Extreme views have seen deaths of  freethinkers in Bangladesh since 2013. Over the last few years news of Hindus and Buddhists and their temples and shrines being attacked in Bangladesh has also dominated Bangladeshi and even international newspapers. Earlier this year a shocking atrocity where foreigners and foreign born children of Bangladeshi citizens were hacked to death in a café in ISIS fashion killings is perhaps the most chilling and terrifying of its sort to ever happen in Bangladesh.  From the onset of Hindu Diwaali  this year news of temples and idolatries destroyed dominated newspapers once again. Then, last week  was the news of a young man  that has allegedly shared a face book post that some believe has denigrated the Masjid- Al-Haram, the great mosque of Makka, a holy site for Muslims.

 

Islamic group protesters gathered in Nasirnagar in protest and demanded the death of this young man who was hurting religious sentiments.  The young man denied sharing this post and the police arrested him.  However, this did not quell the angry mobs who were given permission to gather repeatedly.

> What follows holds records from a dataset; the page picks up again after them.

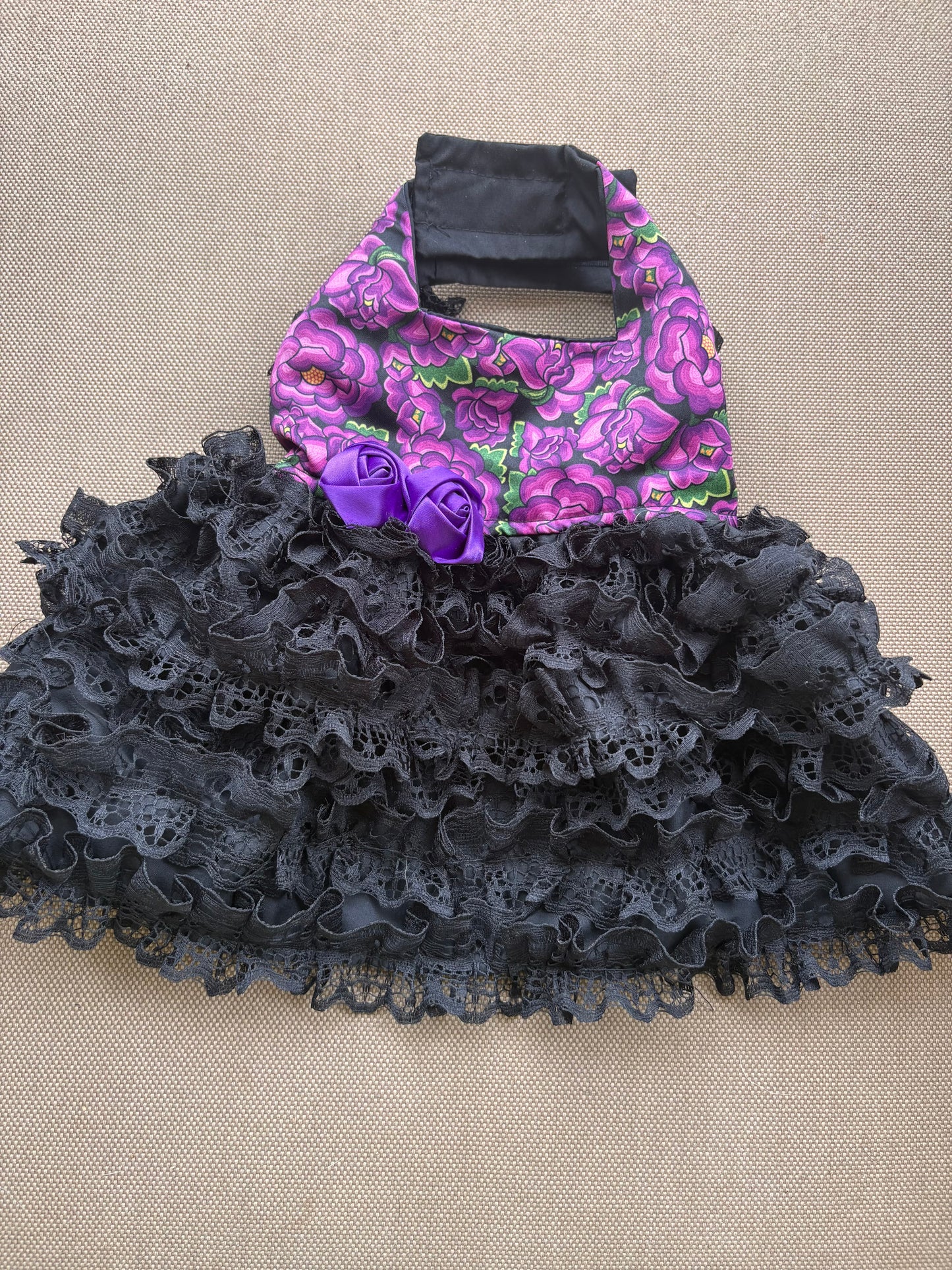 Purple flowers dress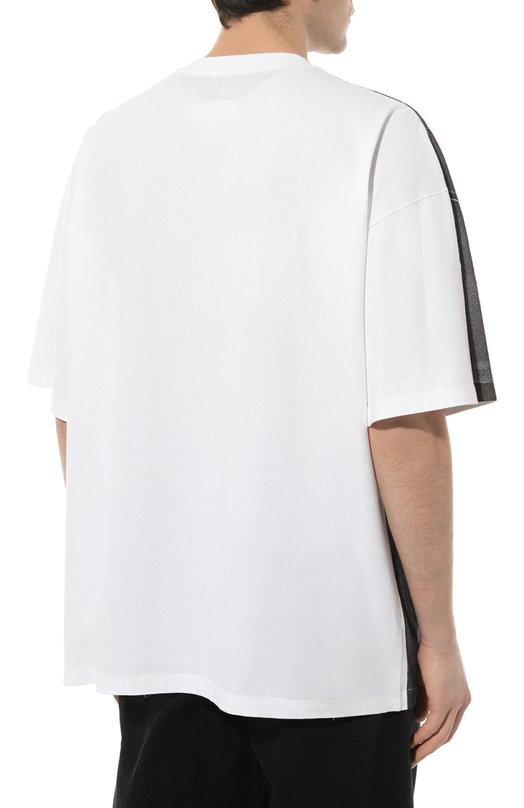 фото Хлопковая футболка mm6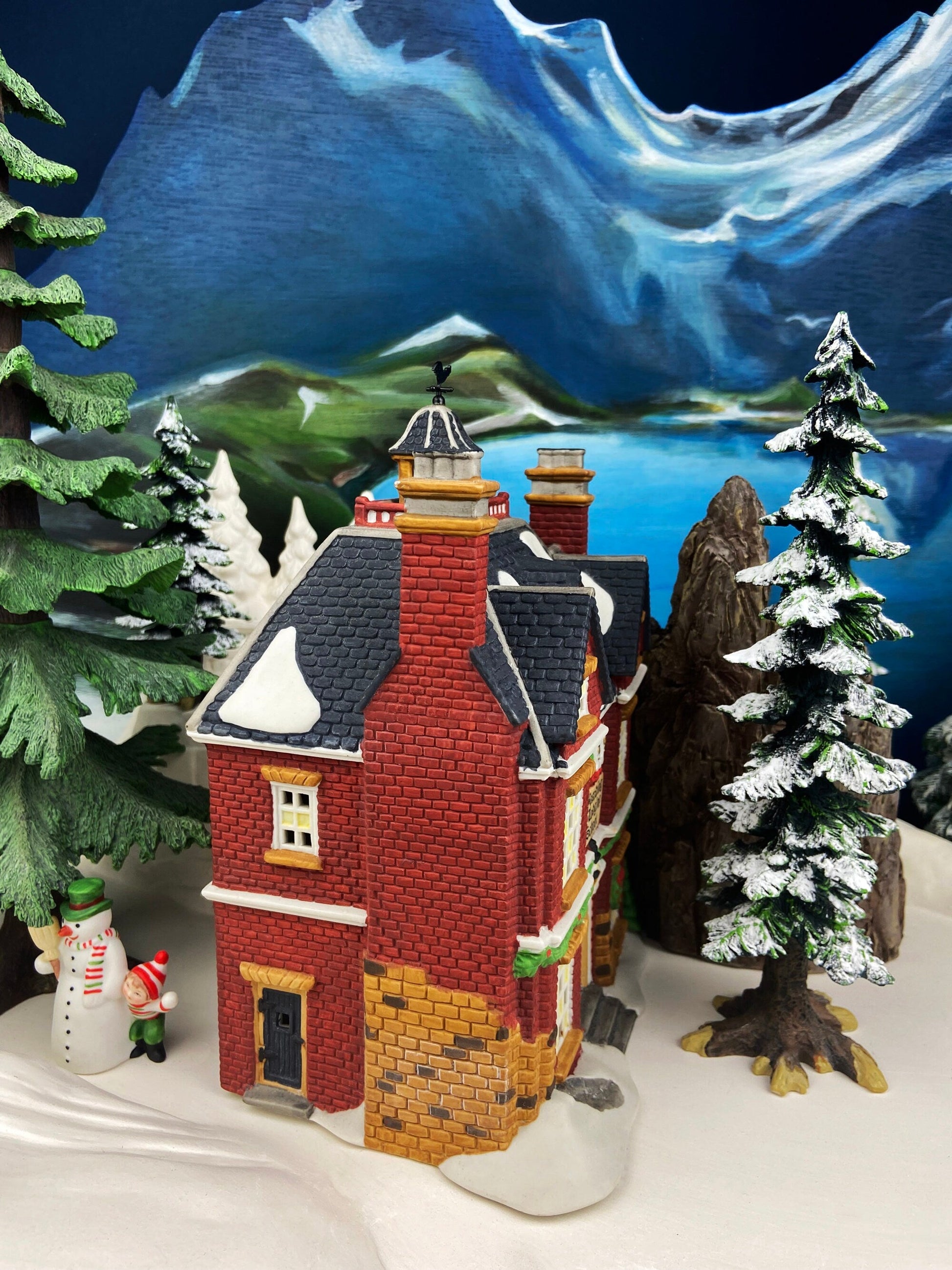 Christmas Village House by Department 56. Illuminated Boarding & Lodging School. Dickens Village. 150 Year Anniversary Commemorative Ed. - Tampa Home & Garden Store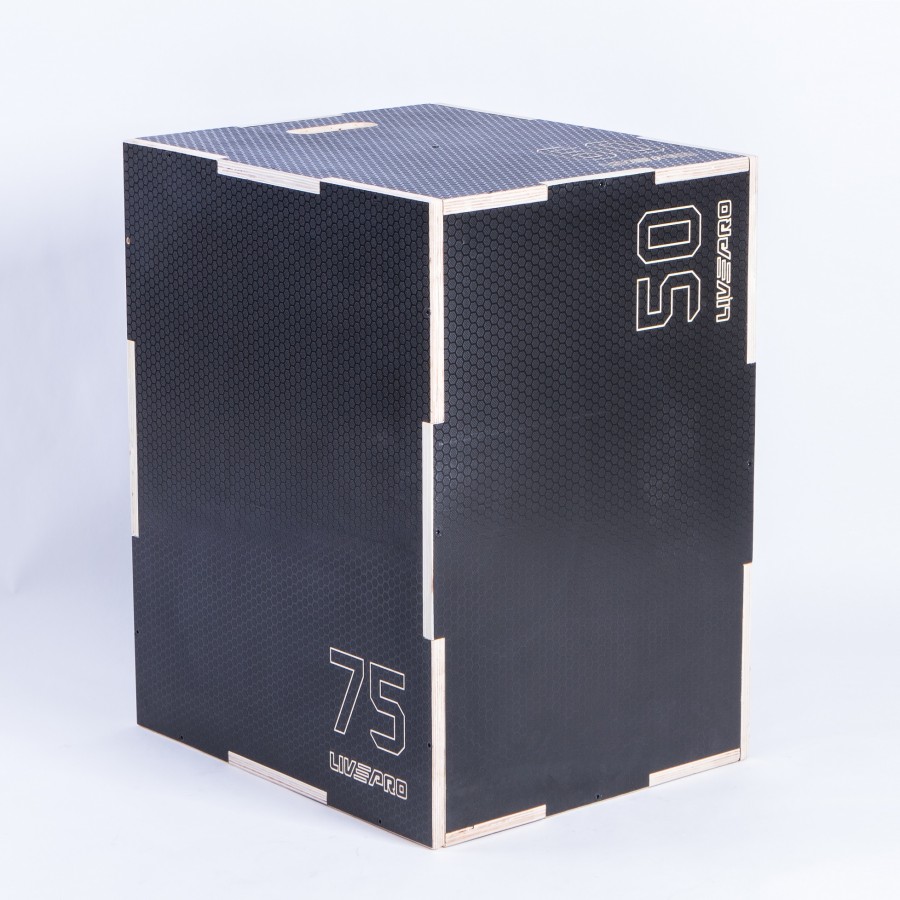 3 σε 1 Πλειομετρικό Κουτί Ξύλινο Plyo Box Anti-Slip LivePro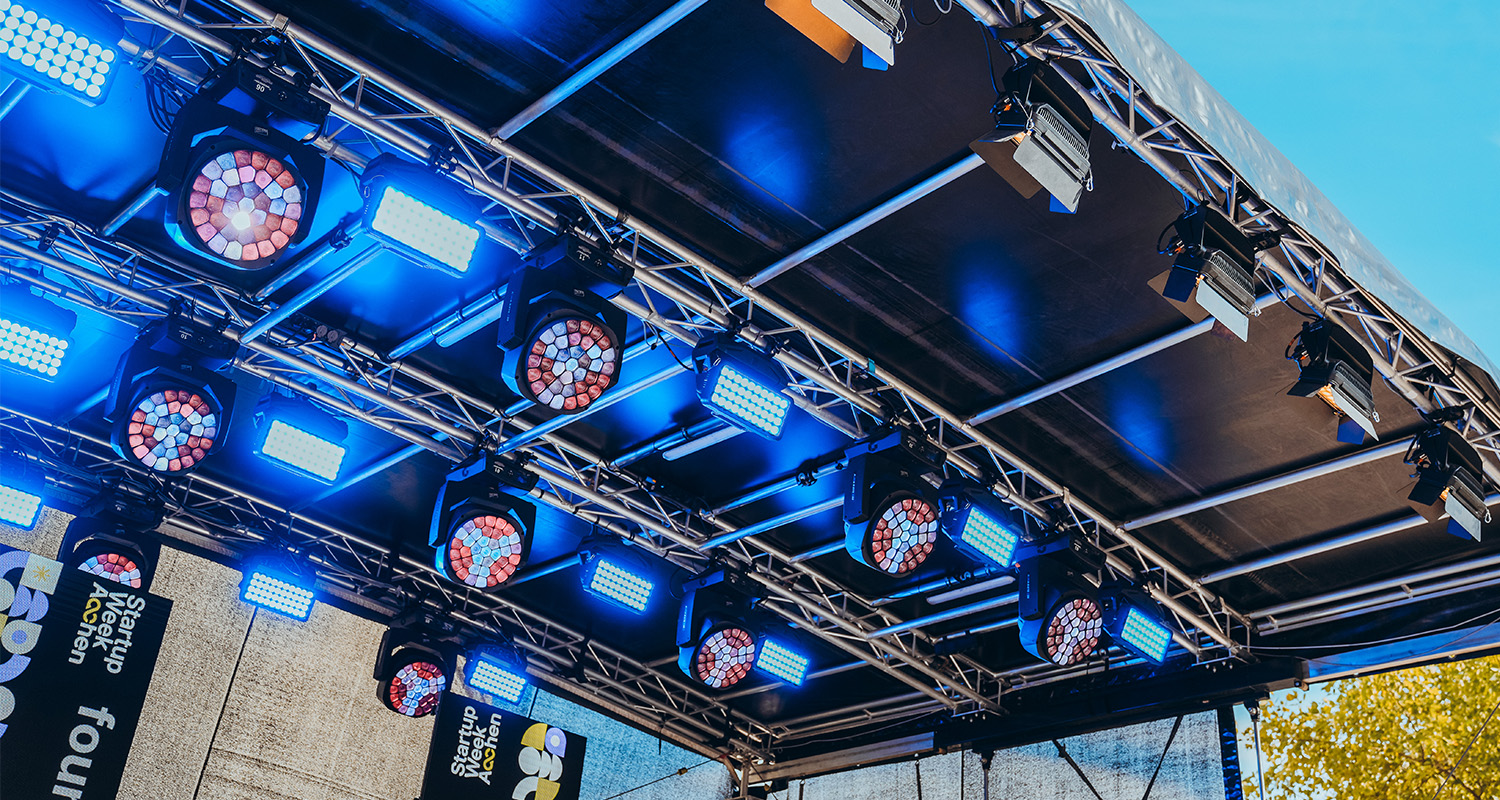 RWTH founders.festival 2026 – Live-Bühne im Elisengarten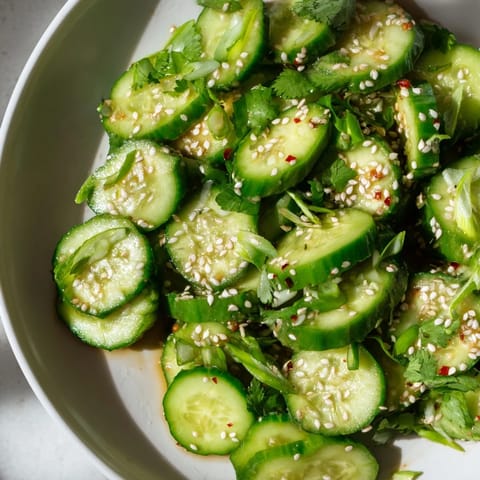 Zesty Shake Cucumber Salad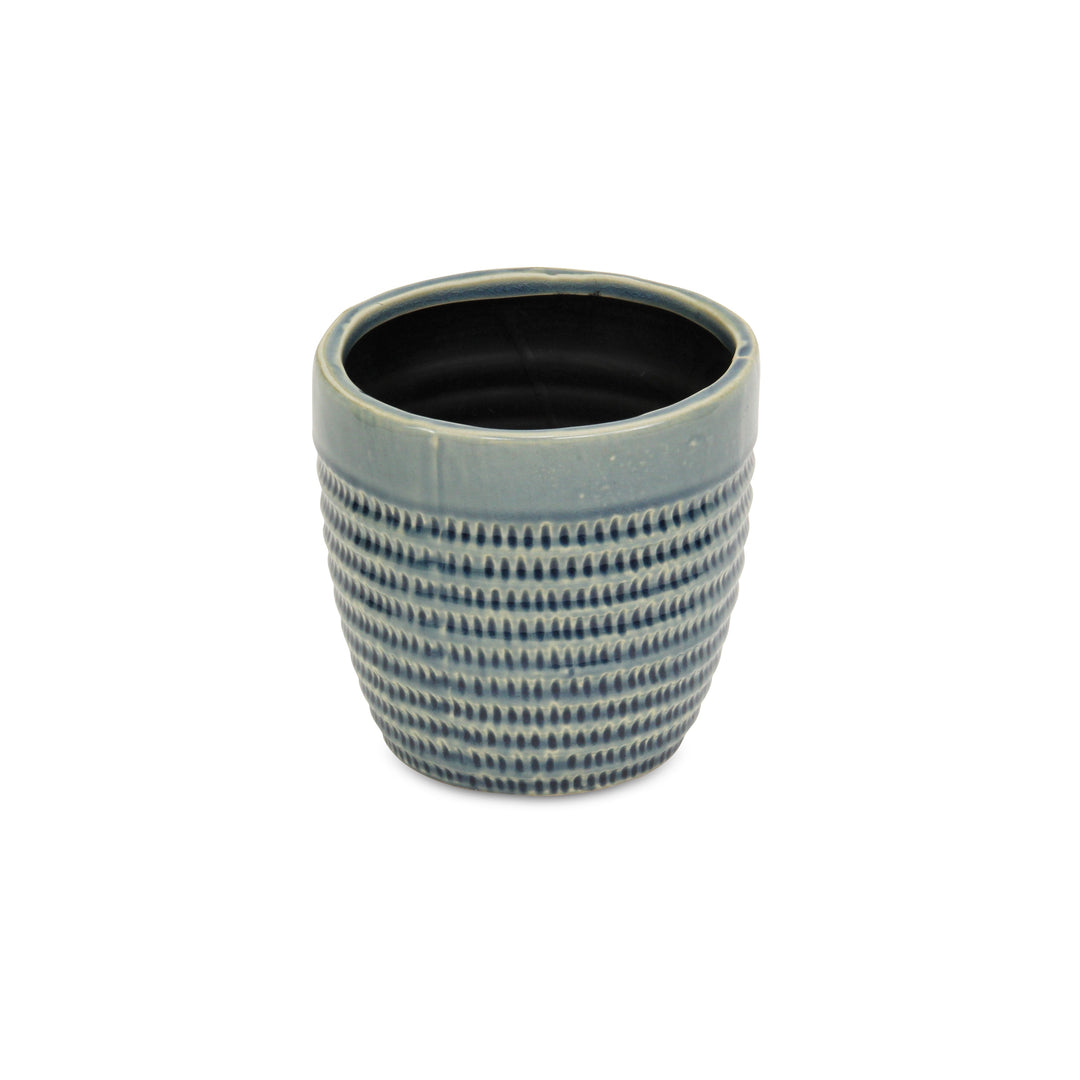 CHEUNGS Idola Tapered Blue Ceramic Pot - Large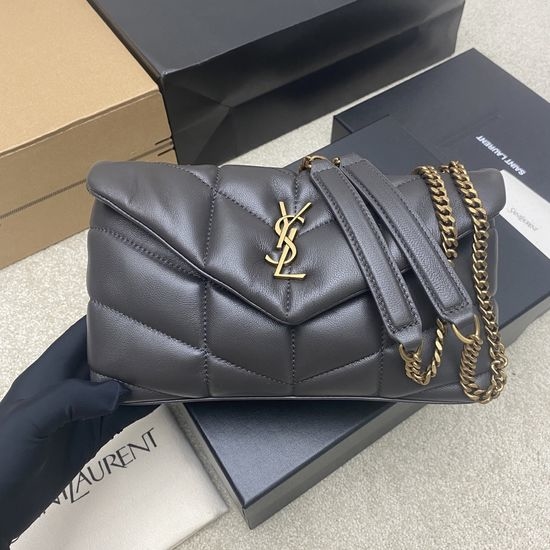 Yves Saint Laurent YSL LOULOU PUFFER Quilted Lambskin Mini Bag 759337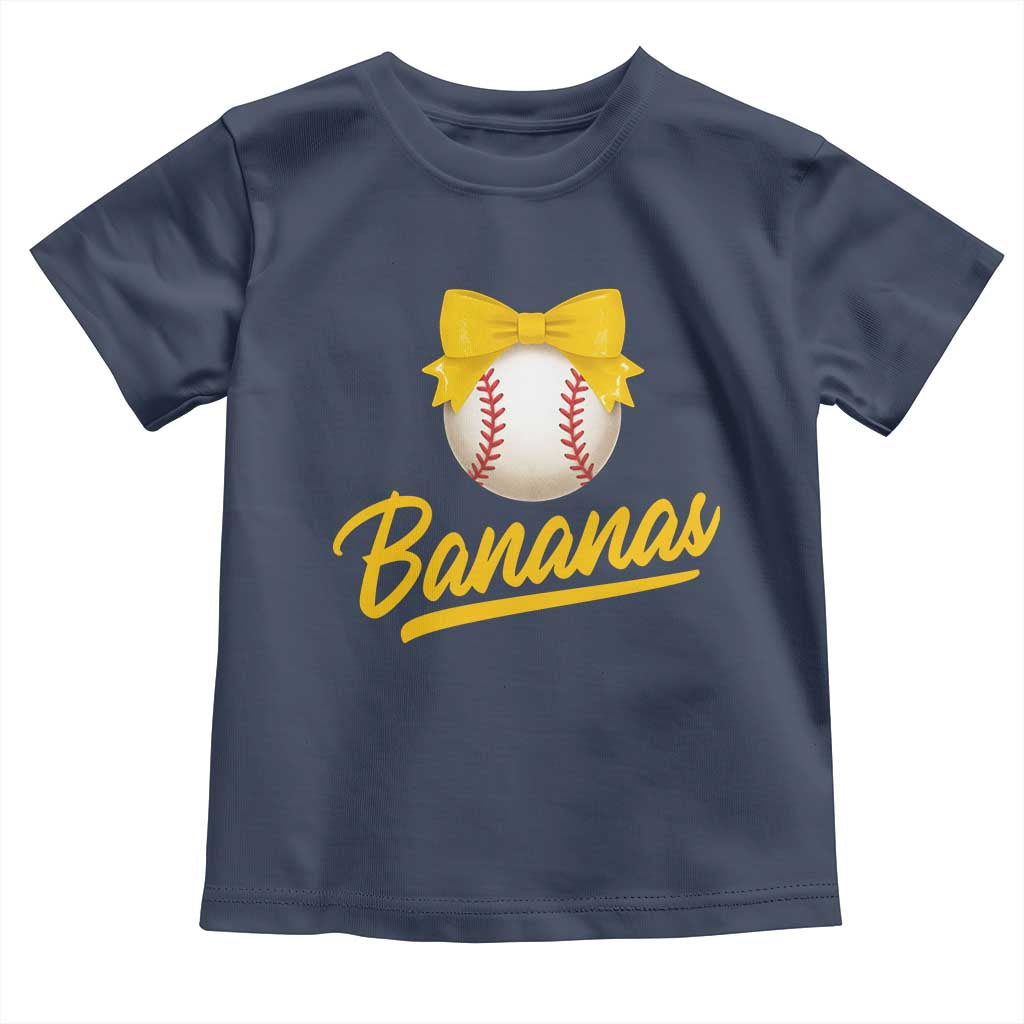 Bananas Coquette Bow Toddler T Shirt Banana Retro Popular Fruit Humor Cute Girls Kids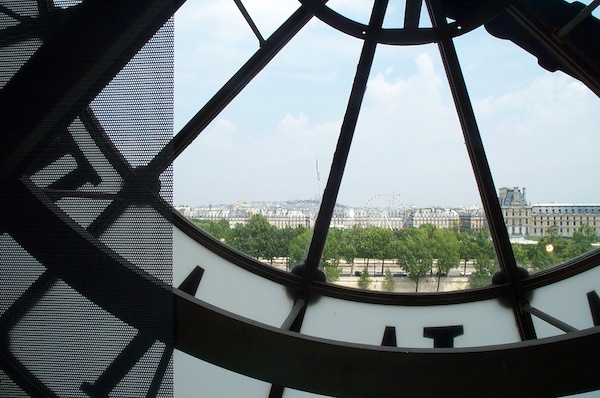 Mus&eacute;e d'Orsay view through clock 1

They gathered and used mosque loudspeakers to gather more and more people. They attacked Hindu people with sharp weapons including Hindu priests, burned down Hindu homes in the Brahmanbaria district of Eastern Bangladesh temples and idolatries were broken down throughout many parts of Bangladesh from Nasirnagar to Chattak.  It is reminiscent of 2012 when 25000 Muslim rioters burned Buddhist temples. It has been reported that the current and ongoing attacks in Hindu homes and Hindu temples has seen over 17 temples and 100 homes burned across Bangladesh. Some claim it is as much as 300 homes.

 

The shocking part for me was the news that a Minister allegedly reacted to this young man by publicly saying something equivalent to ‘get those Malauns‘. I have not read that report however I have read many media defending the Minister  stating that members of the Awami League ( Ruling party in Bangladesh) had stated that it is perhaps a word he used in private not in public. I have also read reports of the Minister stating ‘I will resign if anyone can prove I have said Malaun‘.  I believed this Minister has said this and in protest of this ongoing attacks on Hindu population in Bangladesh I changed my profile ID to a slogan ‘Ami Malaun‘, meaning I am a malaun in support of friends, brothers sisters of Bangladeshi origin who have been subject to these atrocious and this slur word throughout their lifetime.  Since then another thing that has happened is that I have had unsolicited approach from unknown people (who were on my face book list but not known to me personally) telling me to ‘Take it off’ and that I ‘should be mature about it’. On seeing the same message on my ID, I replied there that it was in protest of what the Minister allegedly said and even if he didn’t it was in support of this ongoing hatred against the decreasing Hindu population of Bangladesh since 1975. However I continued to get private in-box messages that were ‘educating me’ from the same individual and others who were asking me if I knew what Malaun meant and that I should take it down without asking my reasons for putting it up in the first place.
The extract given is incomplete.